= Riemann solver =

Numerical method used to solve a Riemann problem

A Riemann solver is a numerical method used to solve a hyperbolic partial differential equation based on the solution of the corresponding Riemann problem. They are heavily used in computational fluid dynamics and computational magnetohydrodynamics.

== Definition ==
Generally speaking, Riemann solvers are specific methods for computing the numerical flux across a discontinuity in the Riemann problem. They form an important part of high-resolution schemes; typically the right and left states for the Riemann problem are calculated using some form of nonlinear reconstruction, such as a flux limiter or a WENO method, and then used as the input for the Riemann solver.

==Exact solvers==
Sergei K. Godunov is credited with introducing the first exact Riemann solver for the Euler equations, by extending the previous CIR (Courant-Isaacson-Rees) method to non-linear systems of hyperbolic conservation laws. Modern solvers are able to simulate relativistic effects and magnetic fields.

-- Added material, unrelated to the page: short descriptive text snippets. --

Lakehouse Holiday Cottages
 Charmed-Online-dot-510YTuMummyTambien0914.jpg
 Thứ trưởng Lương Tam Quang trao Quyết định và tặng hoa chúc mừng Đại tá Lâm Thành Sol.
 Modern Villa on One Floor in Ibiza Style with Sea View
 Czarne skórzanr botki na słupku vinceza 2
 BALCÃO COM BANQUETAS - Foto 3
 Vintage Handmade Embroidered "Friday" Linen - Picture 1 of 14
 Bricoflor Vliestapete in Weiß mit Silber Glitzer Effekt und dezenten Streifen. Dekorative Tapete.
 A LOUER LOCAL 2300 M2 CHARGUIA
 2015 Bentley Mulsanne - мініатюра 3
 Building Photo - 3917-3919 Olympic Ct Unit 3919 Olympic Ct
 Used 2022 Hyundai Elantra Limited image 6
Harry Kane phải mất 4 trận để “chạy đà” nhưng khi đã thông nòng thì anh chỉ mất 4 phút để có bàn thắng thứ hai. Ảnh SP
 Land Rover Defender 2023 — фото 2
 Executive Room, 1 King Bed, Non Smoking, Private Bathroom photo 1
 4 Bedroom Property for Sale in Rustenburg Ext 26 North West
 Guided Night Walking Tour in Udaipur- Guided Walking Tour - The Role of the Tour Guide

More recent research shows that an exact series solution to the Riemann problem exists, which may converge fast enough in some cases to avoid the iterative methods required in Godunov's scheme.

==Approximate solvers==
As iterative solutions are too costly, especially in magnetohydrodynamics, some approximations have to be made. Some popular solvers are:

===Roe solver===

Philip L. Roe used the linearisation of the Jacobian, which he then solves exactly.

===HLLE solver===
The HLLE solver (developed by Ami Harten, Peter Lax, Bram van Leer and B. Einfeldt) is an approximate solution to the Riemann problem, which is only based on the integral form of the conservation laws and the largest and smallest signal velocities at the interface. The stability and robustness of the HLLE solver is closely related to the signal velocities and a single central average state, as proposed by Einfeldt in the original paper

===HLLC solver===
The HLLC (Harten-Lax-van Leer-Contact) solver was introduced by Toro. It restores the missing rarefaction wave by using an estimation technique, such as linearisation. More advanced techniques exist, like using the Roe average velocity for the middle wave speed. These schemes are quite robust and efficient but somewhat more diffusive.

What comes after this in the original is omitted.